Metropolitan News-Enterprise

 

Wednesday, July 14, 2010

 

Page 3

 

Bank Held Not Liable for Third Party Fraud on Elderly Customer

 

By a MetNews Staff Writer

 

A state law enacted to protect elderly Californians from financial abuse does not subject a bank to liability for negligently processing transactions for a septuagenarian customer who was being defrauded by a third party without the defendant’s knowledge, this district’s Court of Appeal has ruled.

Div. Four, in a June 28 opinion certified Monday for publication, said Bank of America had no duty to notify authorities of any deficiencies in Kaustubh K. Das’ ability to manage his own finances.

Das suffered one or more strokes in 2004 and died in 2008, following multiple organ failure. Following his death, his daughter Baishali Das alleged in her complaint, it was discovered that he had borrowed more than $100,000 to acquire a Georgia property that was later foreclosed upon, and that in an effort to recoup his losses, he became involved in lottery scams that cost him more than $300,000, which he transferred to other countries from his Bank of America accounts.

Baishali Das, who represented herself, alleged that if it had exercised reasonable diligence, the bank would have noticed that her father was in no condition to manage these large sums of money and would have notified authorities of the suspicious nature of the transactions.

Duty Alleged

She alleged that Bank of America had a duty under Welfare and Institutions Code Sec. 15630.1, part of the Financial Elder Abuse Reporting Act of 2005, to report “suspected financial abuse” it encountered “in connection with providing financial services with respect to an elder” to local law enforcement or adult protective services agencies.

A Los Angeles Superior Court judge, in sustaining the bank’s demurrer, ruled that the statute does not create negligence per se liability for failure to report under that section.
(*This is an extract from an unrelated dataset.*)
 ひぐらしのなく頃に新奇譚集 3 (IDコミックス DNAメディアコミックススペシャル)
Justice Nora Manella, writing for the Court of Appeal, agreed. 

Manella cited the section’s subdivision (g), which provides that violators are subject to civil penalties, that the penalties “shall be recovered only in a civil action brought against the financial institution by the Attorney General, district attorney, or county counsel,” that “[n]o action shall be brought under this section by any person other than the Attorney General, district attorney, or county counsel,” and that “[n]othing in the Financial Elder Abuse Reporting Act of 2005 shall be construed to limit, expand, or otherwise modify any civil liability or remedy that may exist under this or any other law.”

The quoted language, the justice wrote, “expressly negates any inference of legislative intent to enlarge the legal bases for a private civil action predicated on a bank’s failure to report suspected financial abuse.”

Argument Rejected

She rejected the plaintiff’s argument that Evidence Code Sec. 669, which codifies the rule of negligence per se, takes precedence over subdivision (g)’s ban on private enforcement. “...Evidence Code section 669 does not override subdivision (g),” Manella wrote.
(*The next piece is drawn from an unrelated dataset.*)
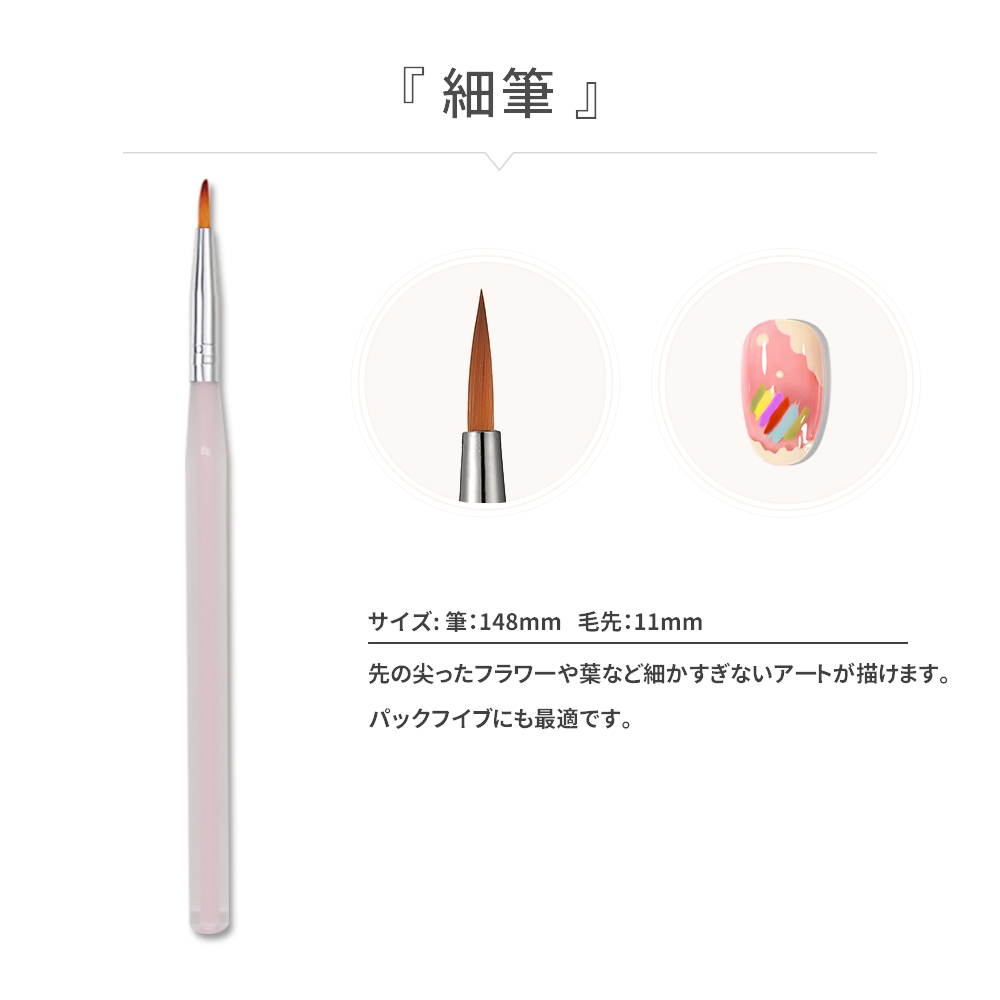 ネイルブラシ ジェルブラシ ネイル筆 ジェルネイルブラシ 筆 ネイル ブラシ アート用ジェルブラシ ジェルネイル ブラシ ライナー 6本 セット |  | 06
Nor, she went on to say, can the plaintiff plead a claim for direct financial abuse under another section of the act that may allow for private enforcement, or for breach of fiduciary duty or general negligence.

While a bank may be liable to a depositor if it assists in a fraud or fails to act to protect the customer upon becoming aware of one, the justice said, nothing in the complaint alleges such culpability on Bank of America’s part. The mere allegation that the bank was aware of Kaustubh Das’s impaired mental state, and that employees “[w]ondered” about it as a result of his requesting hundreds of blank wire transfer forms, was insufficient, Manella concluded.
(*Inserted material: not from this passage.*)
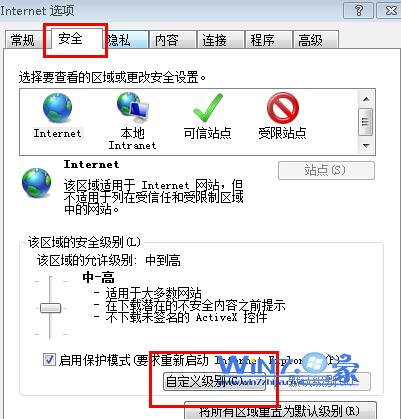 如何解決復制網頁上面的一些文字時出現了無法復制的現象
“In our view, these allegations do not establish tortious misconduct by respondent because they fail to state even an adequate basis for rescission of a contract or transaction under common law principles,” the jurist wrote. “The fact that a person suffers from a measure of mental incapacity does not, by itself, extinguish the person’s ability to participate in contractual relationships and transactions.”

Attorneys for the bank on appeal were Chaise R. Bivin, Eduardo Martorell and Jan T. Chilton of Severson & Werson.

The case is Das v. Bank of America, N.A., 10 S.O.S. 3948.